*** Records to use Section Begins ***

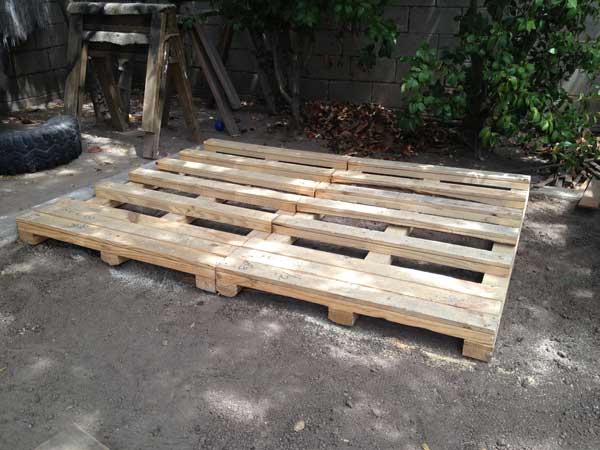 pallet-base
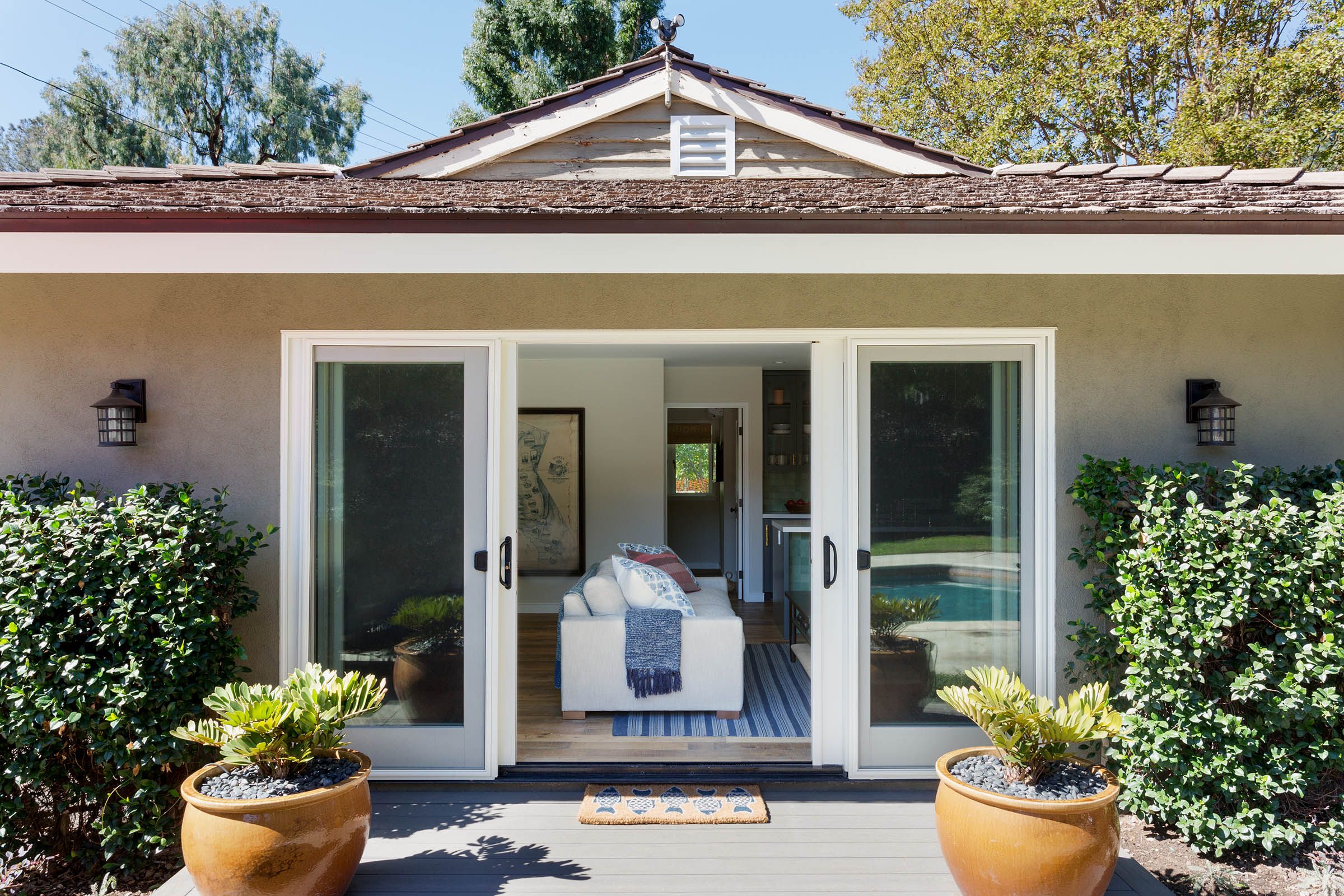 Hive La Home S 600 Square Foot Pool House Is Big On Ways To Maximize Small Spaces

*** Records to use Section Ends ***
*** Records to use Section Begins ***

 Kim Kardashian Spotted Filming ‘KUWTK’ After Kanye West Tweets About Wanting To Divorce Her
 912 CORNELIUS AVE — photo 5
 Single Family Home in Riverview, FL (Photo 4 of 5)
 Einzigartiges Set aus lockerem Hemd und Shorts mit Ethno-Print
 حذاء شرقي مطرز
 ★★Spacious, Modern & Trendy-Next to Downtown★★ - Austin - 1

*** Records to use Section Ends ***

* What you have to do:
Give back exactly the lines above, from the line containing "حذاء شرقي مطرز" through the line containing "- Austin - 1", with both end lines and nothing more.

* Task result:
 حذاء شرقي مطرز
 ★★Spacious, Modern & Trendy-Next to Downtown★★ - Austin - 1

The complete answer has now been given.